(Entries provided)

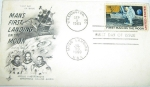 Stamps United States -  primer hombre en la luna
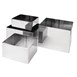Moldes para mousse cuadrados Vogue 80 x 80mm extra profundidad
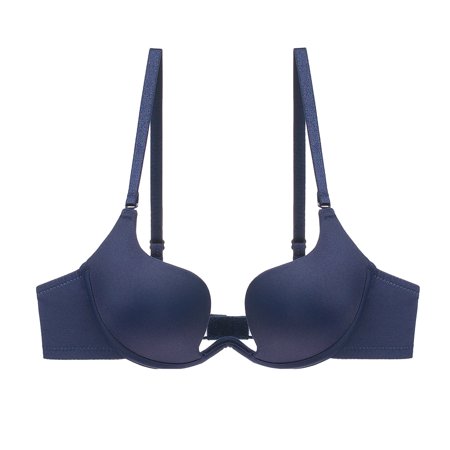 Roliyen Women Sexy U-shaped Back Baring Beauty Back Small Brassieres Underwear Bra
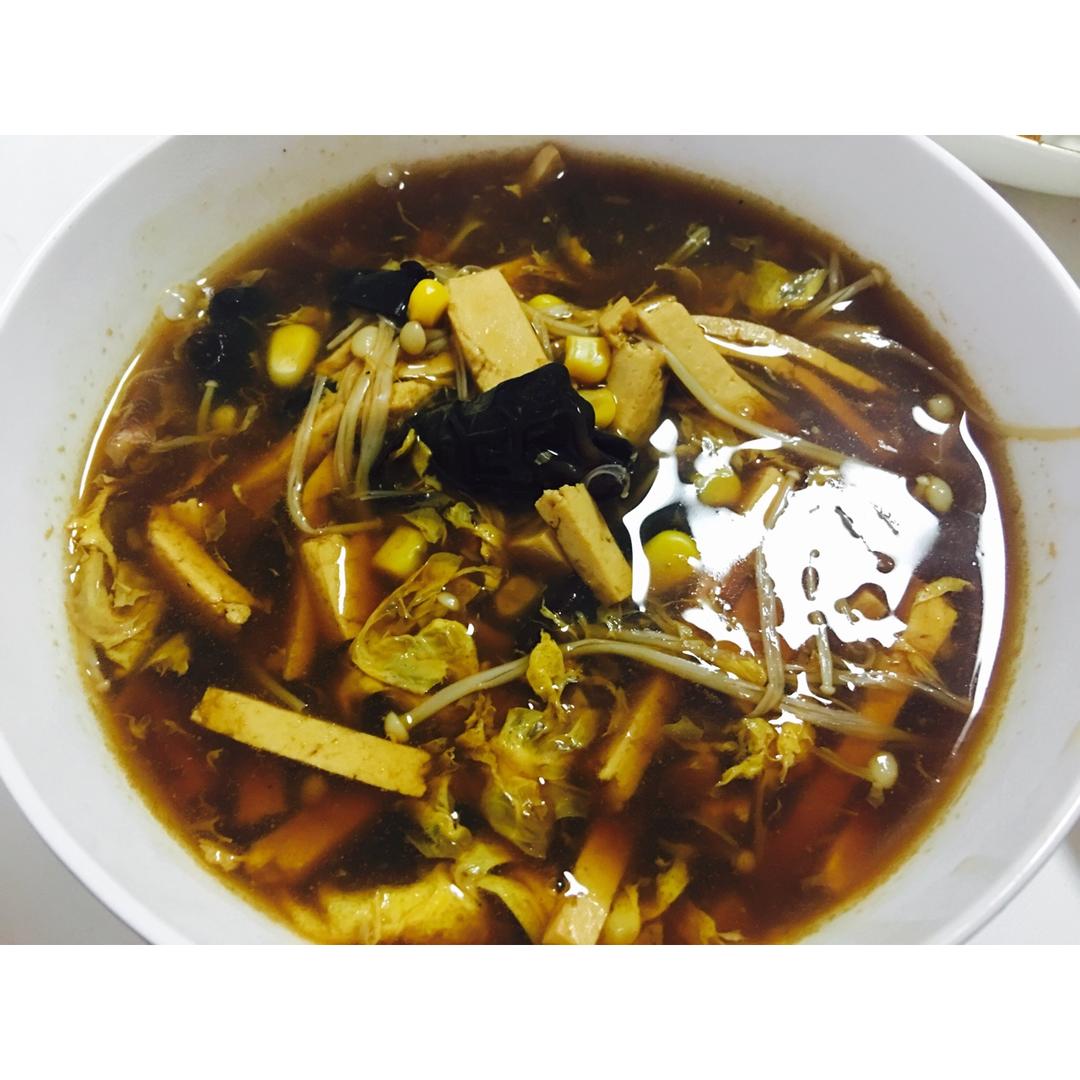 酸辣汤 Spicy & Sour Shredded Pork Soup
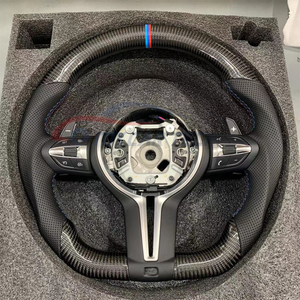 Volante in Fibra di Carbonio Personalizzato per <span class=keywords><strong>BMW</strong></span> F10 F15 F30 G20 G30 E60 E90 E92 E46 - Product Image 4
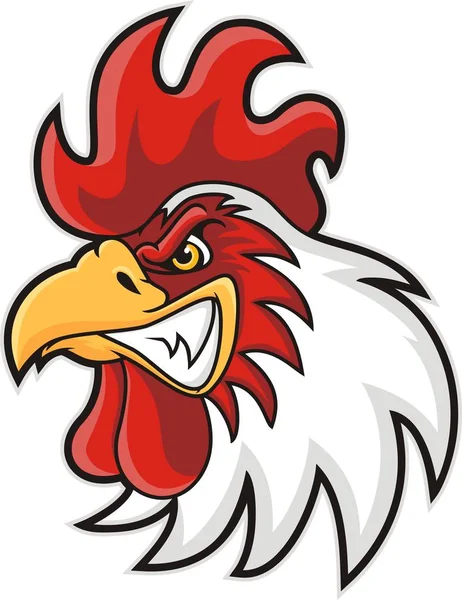 Maskotka Głowy Kurczaka Wektor Ilustracja — Wektor stockowy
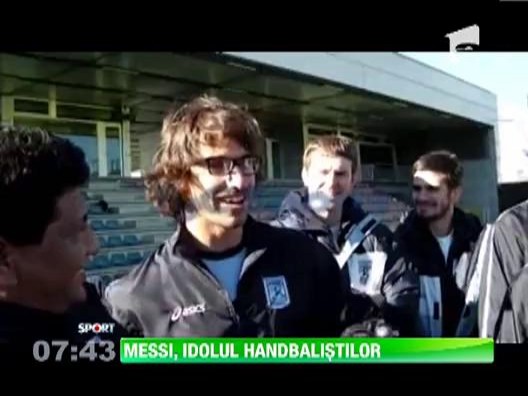 Leo Messi a primit o surpriza din partea jucatorilor selectionatei argentiniene de handbal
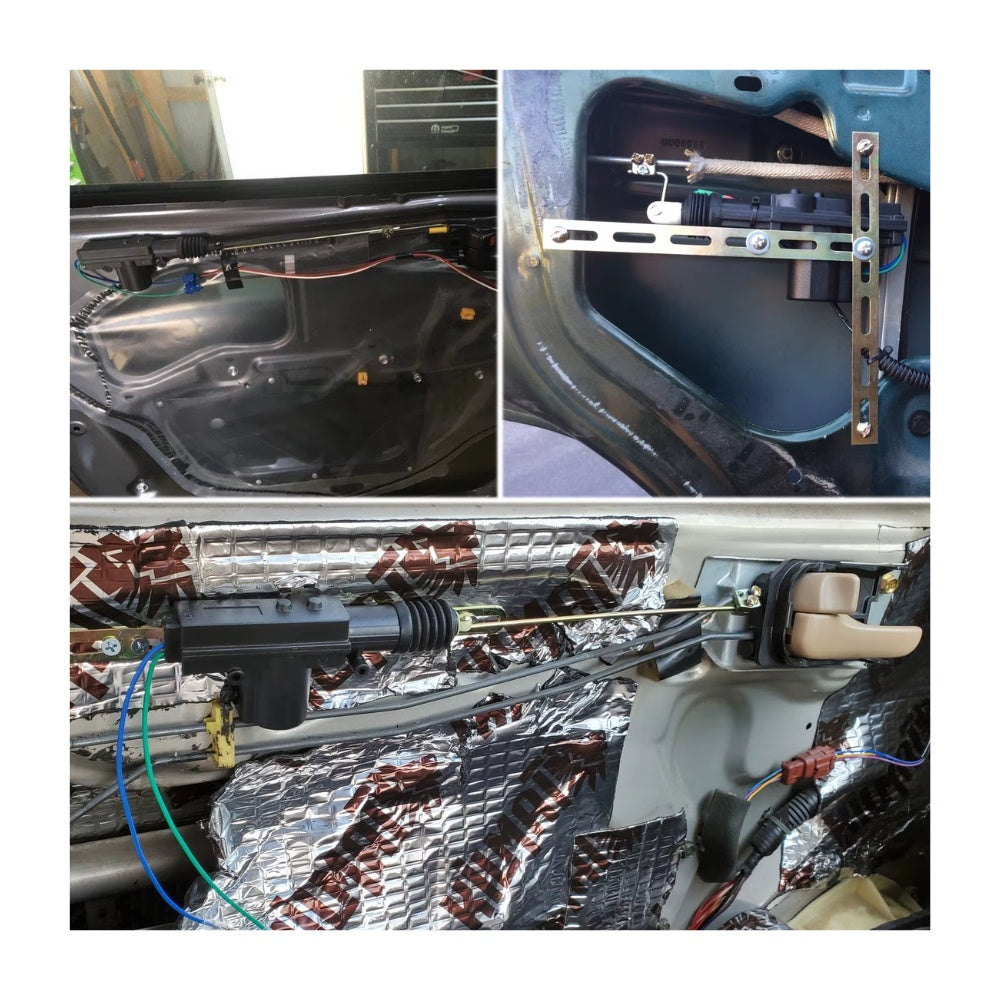 Pestillo Eléctrico Auto Kit 4 Puertas Universal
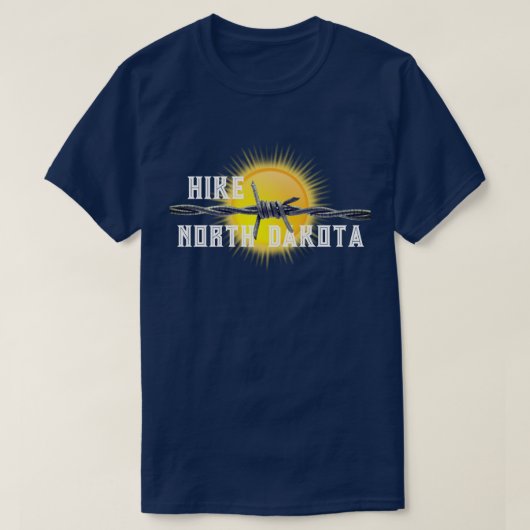Funny Hike "jouw staat" en Barbed Wire T-shirt (Design voorkant)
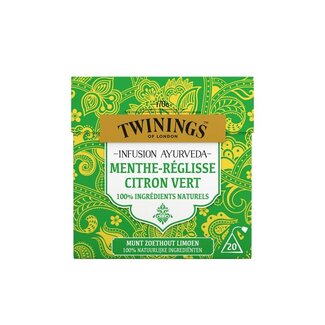 Twinings Twinings Ayurveda Menthe Réglisse Citron Vert 20 Sachets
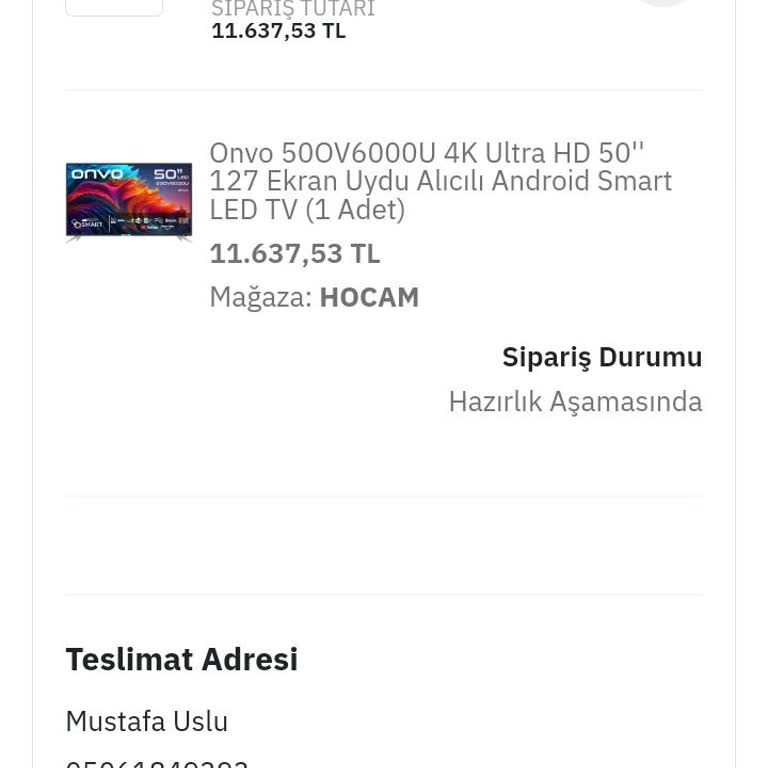 Siparişim Neden Hala Hazırlık Aşamasında?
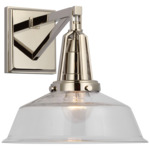 Layton Wall Sconce - Polished Nickel / Clear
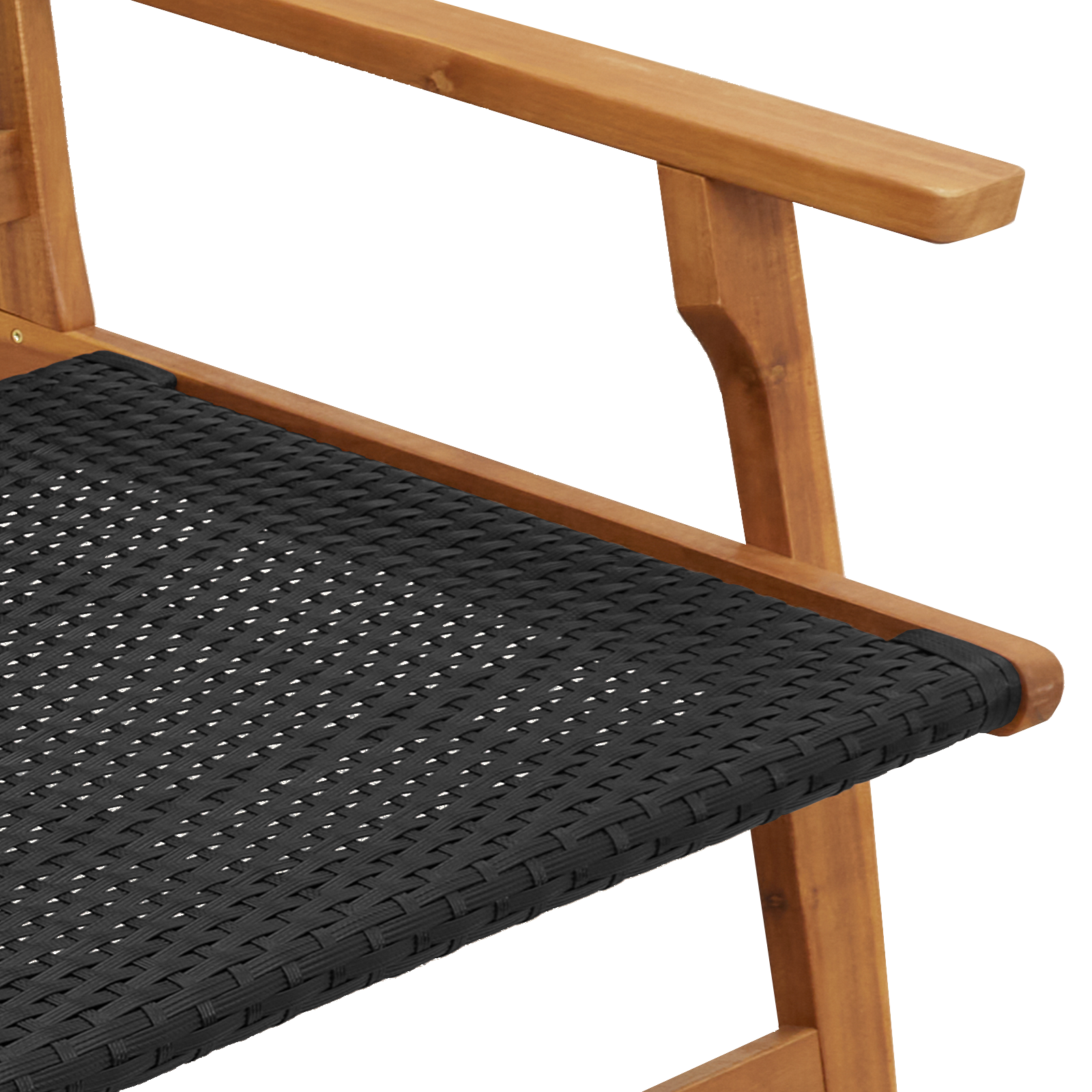 Ensemble de chaises de jardin avec table - 5 pièces, bois d'acacia noir Chaises de jardin vidaXL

(End Entries provided)

#### Exercise details:
In the records above, find the line that contains "Twinings Twinings Ayurveda" and retype it and all lines after it exactly, leaving out any pictures.

#### Completed exercise:
 Twinings Twinings Ayurveda Menthe Réglisse Citron Vert 20 Sachets
 Siparişim Neden Hala Hazırlık Aşamasında?
 Layton Wall Sconce - Polished Nickel / Clear
 Ensemble de chaises de jardin avec table - 5 pièces, bois d'acacia noir Chaises de jardin vidaXL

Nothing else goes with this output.